§ What the task asks:
Repeat the listing exactly. Do not carry over any pictures.

§ Data shown:

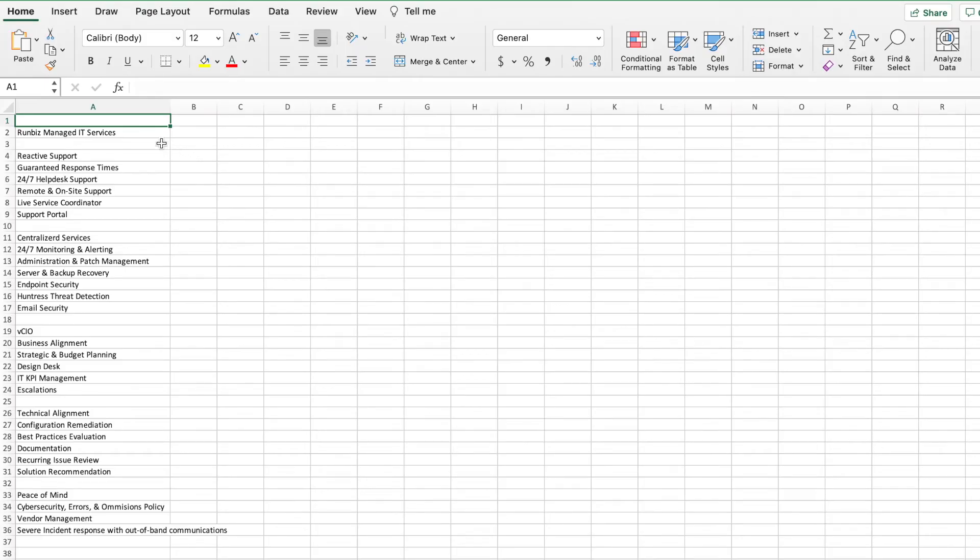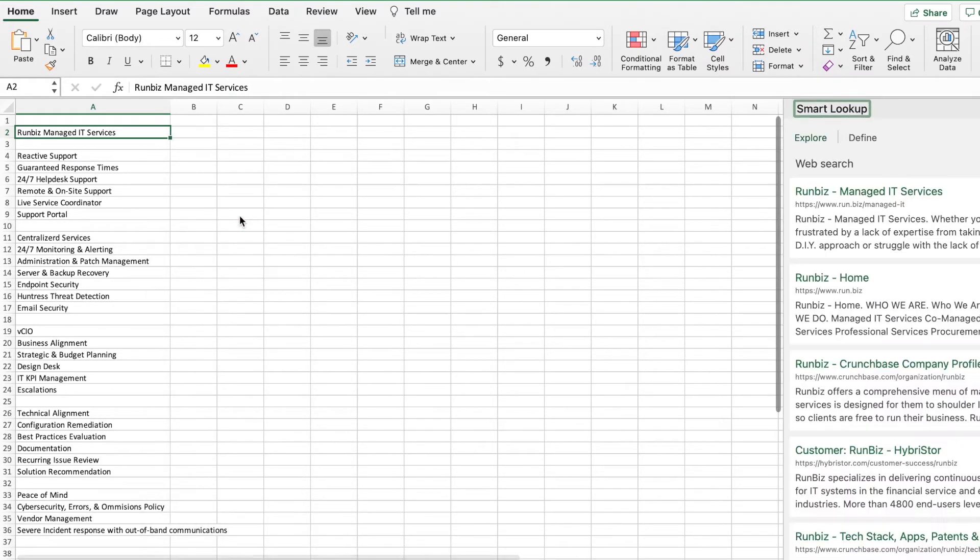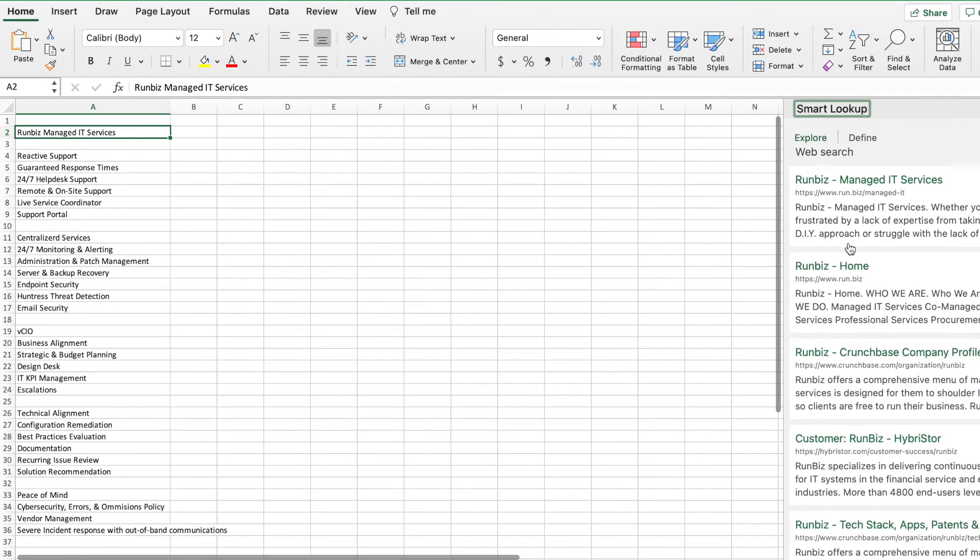This week, I want to remind you about a tool called Smart Lookup. If you need to research something in a particular cell, simply right-click and select Smart Lookup. Excel will then launch a Bing search engine, allowing you to search the web for what's in the cell.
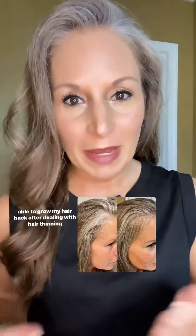A lot of times when I share a video about how I've been able to grow my hair back after dealing with hair thinning and hair loss at the age of 45, I get asked about what specifically I am using for that.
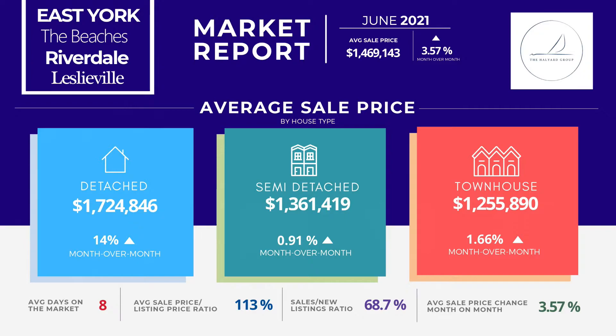We've got detached homes selling for just over $1.7 million. Semi-detached is a little bit less at just over $1.3 million. And then townhouses at just over $1 million, with a range within that. As you would expect, as you go into the more expensive home types like detached, the prices go up.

§ Solution:
This week, I want to remind you about a tool called Smart Lookup. If you need to research something in a particular cell, simply right-click and select Smart Lookup. Excel will then launch a Bing search engine, allowing you to search the web for what's in the cell.
A lot of times when I share a video about how I've been able to grow my hair back after dealing with hair thinning and hair loss at the age of 45, I get asked about what specifically I am using for that.
We've got detached homes selling for just over $1.7 million. Semi-detached is a little bit less at just over $1.3 million. And then townhouses at just over $1 million, with a range within that. As you would expect, as you go into the more expensive home types like detached, the prices go up.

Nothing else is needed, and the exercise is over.